During yesterday’s Finance Committee debate over the latest iteration of the Senate’s billion-dollar tax cut plan, the bill’s sponsors repeatedly referenced the need to improve North Carolina’s economic competitiveness as the chief reason to cut income taxes. While generating new job creation and economic growth is clearly a top priority for North Carolina, deep tax cuts to corporate and personal income tax rates are just not an effective way to accomplish these goals.
Much of the “evidence” tax cut proponents have cited in support of their proposals have been thoroughly debunked—both by the research of academic economists and the actual experience of states that pursued these policies. For example, out-of-state groups like the Tax Foundation have misleadingly claimed that “23 of 26” academic studies have shown that taxes hurt economic growth, but it turns out that these studies were either misquoted, cherry-picked, or failed to address the issue of tax policy at the state level.
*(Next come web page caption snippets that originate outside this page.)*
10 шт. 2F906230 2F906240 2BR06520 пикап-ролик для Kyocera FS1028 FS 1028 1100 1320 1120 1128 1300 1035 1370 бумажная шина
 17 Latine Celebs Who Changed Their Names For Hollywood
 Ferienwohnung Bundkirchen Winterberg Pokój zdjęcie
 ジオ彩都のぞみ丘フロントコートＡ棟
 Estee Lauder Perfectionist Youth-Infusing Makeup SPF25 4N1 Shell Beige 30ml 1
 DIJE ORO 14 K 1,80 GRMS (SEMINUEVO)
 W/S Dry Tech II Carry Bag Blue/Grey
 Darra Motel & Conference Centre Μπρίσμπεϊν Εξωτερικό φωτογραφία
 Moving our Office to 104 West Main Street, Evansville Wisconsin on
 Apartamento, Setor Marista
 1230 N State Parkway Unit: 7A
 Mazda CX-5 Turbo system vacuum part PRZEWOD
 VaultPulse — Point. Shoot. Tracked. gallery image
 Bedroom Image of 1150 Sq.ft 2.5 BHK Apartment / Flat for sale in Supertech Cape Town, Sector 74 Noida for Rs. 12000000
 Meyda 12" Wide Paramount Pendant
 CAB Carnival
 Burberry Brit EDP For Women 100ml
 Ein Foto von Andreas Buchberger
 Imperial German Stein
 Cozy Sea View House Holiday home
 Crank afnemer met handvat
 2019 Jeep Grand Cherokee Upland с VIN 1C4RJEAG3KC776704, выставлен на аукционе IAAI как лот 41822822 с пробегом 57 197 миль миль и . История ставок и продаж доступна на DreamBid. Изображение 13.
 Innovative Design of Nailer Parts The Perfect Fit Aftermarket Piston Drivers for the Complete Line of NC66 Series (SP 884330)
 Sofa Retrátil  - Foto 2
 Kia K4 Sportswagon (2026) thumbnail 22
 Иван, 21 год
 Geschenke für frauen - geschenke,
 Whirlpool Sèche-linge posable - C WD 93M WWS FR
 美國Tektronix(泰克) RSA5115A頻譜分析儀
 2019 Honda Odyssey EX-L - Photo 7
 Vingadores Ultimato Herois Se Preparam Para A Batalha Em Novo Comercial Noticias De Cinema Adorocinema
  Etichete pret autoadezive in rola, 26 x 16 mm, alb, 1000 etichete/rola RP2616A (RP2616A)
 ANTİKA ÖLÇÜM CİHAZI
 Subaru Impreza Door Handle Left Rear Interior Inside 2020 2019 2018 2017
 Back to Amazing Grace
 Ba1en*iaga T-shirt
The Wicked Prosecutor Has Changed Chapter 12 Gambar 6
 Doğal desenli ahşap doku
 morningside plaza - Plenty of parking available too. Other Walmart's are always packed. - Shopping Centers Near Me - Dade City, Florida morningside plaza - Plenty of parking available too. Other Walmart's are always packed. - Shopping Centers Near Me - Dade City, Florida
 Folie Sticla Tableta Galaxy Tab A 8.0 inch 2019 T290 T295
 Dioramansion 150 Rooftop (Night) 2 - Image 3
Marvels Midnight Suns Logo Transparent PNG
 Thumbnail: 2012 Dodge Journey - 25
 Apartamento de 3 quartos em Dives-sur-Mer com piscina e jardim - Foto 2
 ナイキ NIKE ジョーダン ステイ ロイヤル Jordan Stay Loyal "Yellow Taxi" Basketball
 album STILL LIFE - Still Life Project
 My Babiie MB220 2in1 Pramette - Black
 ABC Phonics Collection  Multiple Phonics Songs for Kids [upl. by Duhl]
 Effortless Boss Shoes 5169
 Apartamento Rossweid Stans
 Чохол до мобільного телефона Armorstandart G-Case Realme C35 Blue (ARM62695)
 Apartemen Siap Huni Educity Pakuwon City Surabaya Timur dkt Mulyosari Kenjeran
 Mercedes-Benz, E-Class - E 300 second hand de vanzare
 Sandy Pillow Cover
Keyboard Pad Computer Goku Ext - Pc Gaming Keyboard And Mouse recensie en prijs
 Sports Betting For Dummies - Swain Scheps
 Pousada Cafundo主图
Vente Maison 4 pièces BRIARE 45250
Instead, a full look at the evidence reveals that tax cuts just don’t deliver. A panel of highly-respected economists from the state’s leading universities came before the Senate Finance committee last month and gave their much more rigorous and informed response—one also at odds with the Tax Foundation study and the views of Senate leadership. In their experience, these economists said, there was no economic consensus that cutting taxes would lead to improved economic growth. And they also noted that it would be important to consider the negative effects of reducing state spending if that was the way tax cuts were “paid for.”